[Entries taken from a collection]
Content starts
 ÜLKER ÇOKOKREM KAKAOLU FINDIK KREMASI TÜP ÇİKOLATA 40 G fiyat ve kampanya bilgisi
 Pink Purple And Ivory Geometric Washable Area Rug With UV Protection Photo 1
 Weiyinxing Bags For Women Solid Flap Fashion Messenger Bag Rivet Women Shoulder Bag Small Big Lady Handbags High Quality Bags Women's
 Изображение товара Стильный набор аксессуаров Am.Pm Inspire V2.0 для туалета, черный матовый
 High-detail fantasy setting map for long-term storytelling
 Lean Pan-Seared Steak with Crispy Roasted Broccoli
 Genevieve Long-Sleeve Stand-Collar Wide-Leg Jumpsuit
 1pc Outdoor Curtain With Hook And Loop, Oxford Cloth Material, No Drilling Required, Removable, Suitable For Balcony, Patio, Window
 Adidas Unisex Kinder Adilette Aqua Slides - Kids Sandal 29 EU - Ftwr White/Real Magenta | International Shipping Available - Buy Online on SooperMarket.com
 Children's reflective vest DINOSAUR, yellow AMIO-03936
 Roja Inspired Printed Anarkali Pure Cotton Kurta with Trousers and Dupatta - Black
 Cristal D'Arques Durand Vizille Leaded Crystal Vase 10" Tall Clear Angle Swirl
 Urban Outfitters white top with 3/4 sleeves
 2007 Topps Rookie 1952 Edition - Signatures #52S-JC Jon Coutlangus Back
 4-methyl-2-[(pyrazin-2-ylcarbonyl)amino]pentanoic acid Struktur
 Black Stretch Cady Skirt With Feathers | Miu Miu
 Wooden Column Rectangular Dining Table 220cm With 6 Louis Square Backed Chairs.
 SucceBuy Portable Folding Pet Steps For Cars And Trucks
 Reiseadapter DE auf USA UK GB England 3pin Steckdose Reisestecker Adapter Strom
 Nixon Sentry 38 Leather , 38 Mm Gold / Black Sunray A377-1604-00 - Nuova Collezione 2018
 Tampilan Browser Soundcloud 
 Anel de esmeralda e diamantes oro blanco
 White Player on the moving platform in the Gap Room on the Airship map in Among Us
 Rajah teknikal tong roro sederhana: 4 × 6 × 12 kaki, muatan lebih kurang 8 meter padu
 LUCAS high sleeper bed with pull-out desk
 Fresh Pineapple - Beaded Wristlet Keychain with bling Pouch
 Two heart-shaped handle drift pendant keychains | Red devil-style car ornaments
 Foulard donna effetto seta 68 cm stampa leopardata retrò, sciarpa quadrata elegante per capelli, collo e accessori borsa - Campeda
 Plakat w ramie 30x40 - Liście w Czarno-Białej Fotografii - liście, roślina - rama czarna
Content ends
### EXERCISE REQUIREMENTS
Transcribe the data. Leave every line exactly as it is.

### RESPONSE TO THE EXERCISE
 ÜLKER ÇOKOKREM KAKAOLU FINDIK KREMASI TÜP ÇİKOLATA 40 G fiyat ve kampanya bilgisi
 Pink Purple And Ivory Geometric Washable Area Rug With UV Protection Photo 1
 Weiyinxing Bags For Women Solid Flap Fashion Messenger Bag Rivet Women Shoulder Bag Small Big Lady Handbags High Quality Bags Women's
 Изображение товара Стильный набор аксессуаров Am.Pm Inspire V2.0 для туалета, черный матовый
 High-detail fantasy setting map for long-term storytelling
 Lean Pan-Seared Steak with Crispy Roasted Broccoli
 Genevieve Long-Sleeve Stand-Collar Wide-Leg Jumpsuit
 1pc Outdoor Curtain With Hook And Loop, Oxford Cloth Material, No Drilling Required, Removable, Suitable For Balcony, Patio, Window
 Adidas Unisex Kinder Adilette Aqua Slides - Kids Sandal 29 EU - Ftwr White/Real Magenta | International Shipping Available - Buy Online on SooperMarket.com
 Children's reflective vest DINOSAUR, yellow AMIO-03936
 Roja Inspired Printed Anarkali Pure Cotton Kurta with Trousers and Dupatta - Black
 Cristal D'Arques Durand Vizille Leaded Crystal Vase 10" Tall Clear Angle Swirl
 Urban Outfitters white top with 3/4 sleeves
 2007 Topps Rookie 1952 Edition - Signatures #52S-JC Jon Coutlangus Back
 4-methyl-2-[(pyrazin-2-ylcarbonyl)amino]pentanoic acid Struktur
 Black Stretch Cady Skirt With Feathers | Miu Miu
 Wooden Column Rectangular Dining Table 220cm With 6 Louis Square Backed Chairs.
 SucceBuy Portable Folding Pet Steps For Cars And Trucks
 Reiseadapter DE auf USA UK GB England 3pin Steckdose Reisestecker Adapter Strom
 Nixon Sentry 38 Leather , 38 Mm Gold / Black Sunray A377-1604-00 - Nuova Collezione 2018
 Tampilan Browser Soundcloud 
 Anel de esmeralda e diamantes oro blanco
 White Player on the moving platform in the Gap Room on the Airship map in Among Us
 Rajah teknikal tong roro sederhana: 4 × 6 × 12 kaki, muatan lebih kurang 8 meter padu
 LUCAS high sleeper bed with pull-out desk
 Fresh Pineapple - Beaded Wristlet Keychain with bling Pouch
 Two heart-shaped handle drift pendant keychains | Red devil-style car ornaments
 Foulard donna effetto seta 68 cm stampa leopardata retrò, sciarpa quadrata elegante per capelli, collo e accessori borsa - Campeda
 Plakat w ramie 30x40 - Liście w Czarno-Białej Fotografii - liście, roślina - rama czarna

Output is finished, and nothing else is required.